A difficult report card is not a verdict; it is a clarion call
We got our daughter’s report card and it was, by objective standards, not a great one. She happens to be very savvy and geshikt, just not so academically minded. Should we address it with her, or should we shield her from it?
A difficult report card is not a verdict; it is a clarion call. It is a message to parents that something in their child’s school experience is not working, and may even be painful.
MY
short answer is: You should do both.
Let me explain.
Over the years, I’ve made a public offer that, to date, no one has managed to beat. I claim to possess the worst limudei kodesh report card ever issued. My parents lived in our childhood home for over forty years. About five years ago, they downsized, which required my mother to sort through decades of papers and memories. One day, an envelope arrived in my mailbox, a time capsule from my youth. Inside were artifacts from my childhood, including a beautiful footprint from my earliest days of life.

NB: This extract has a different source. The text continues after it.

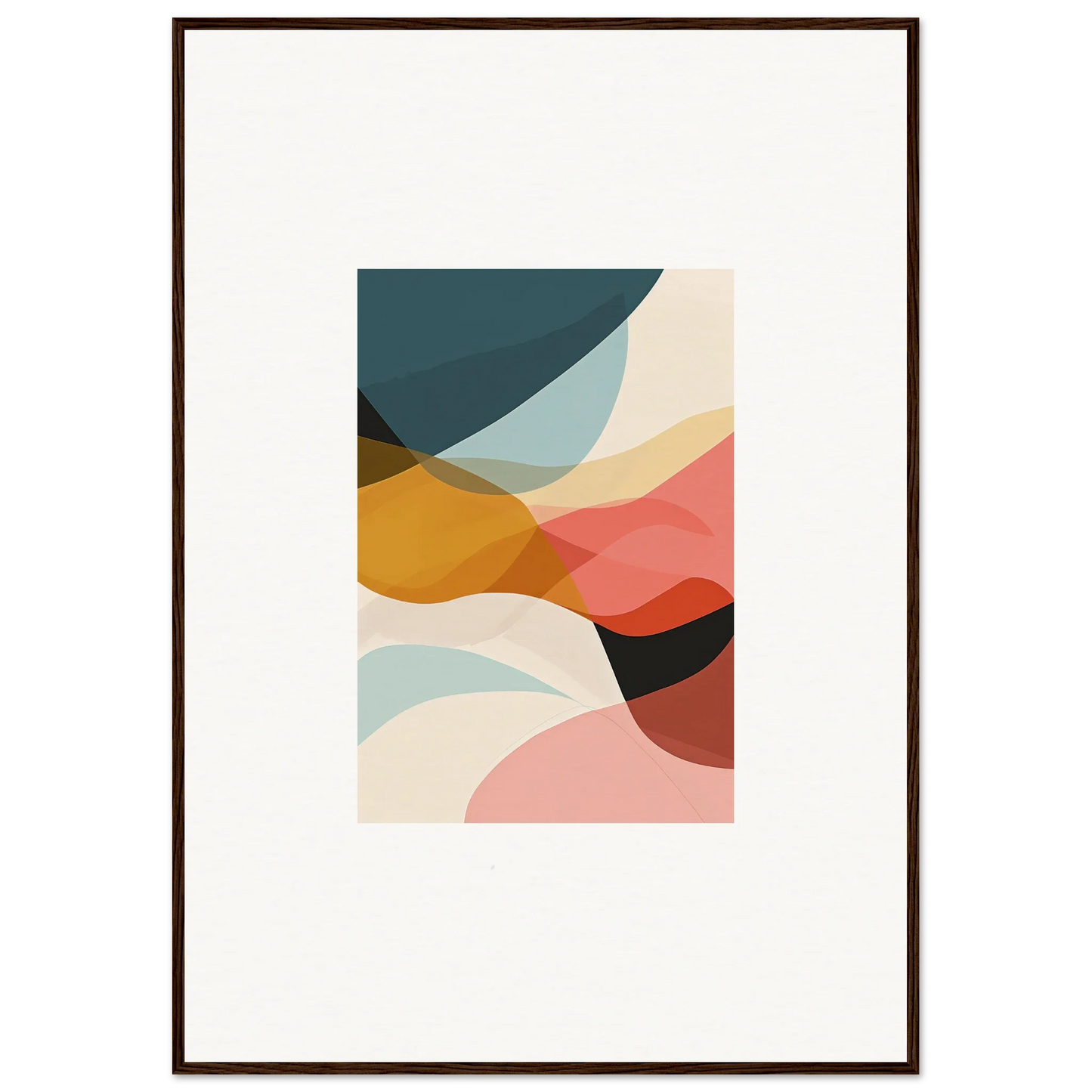 Abstract canvas print with muted curved shapes for stylish room decoration wall art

And then there was the document. My eighth-grade report card. It stopped me in my tracks. Three heis, two daleds, and a gimmel. In over 25 years in chinuch, I have never seen anything quite like it. Most students with such grades don’t remain in school long enough to receive a report card at all. And no self-respecting mechanech today would send something like that home. We’d sooner leave it blank or write “NG” (no grade) than record a string of heis.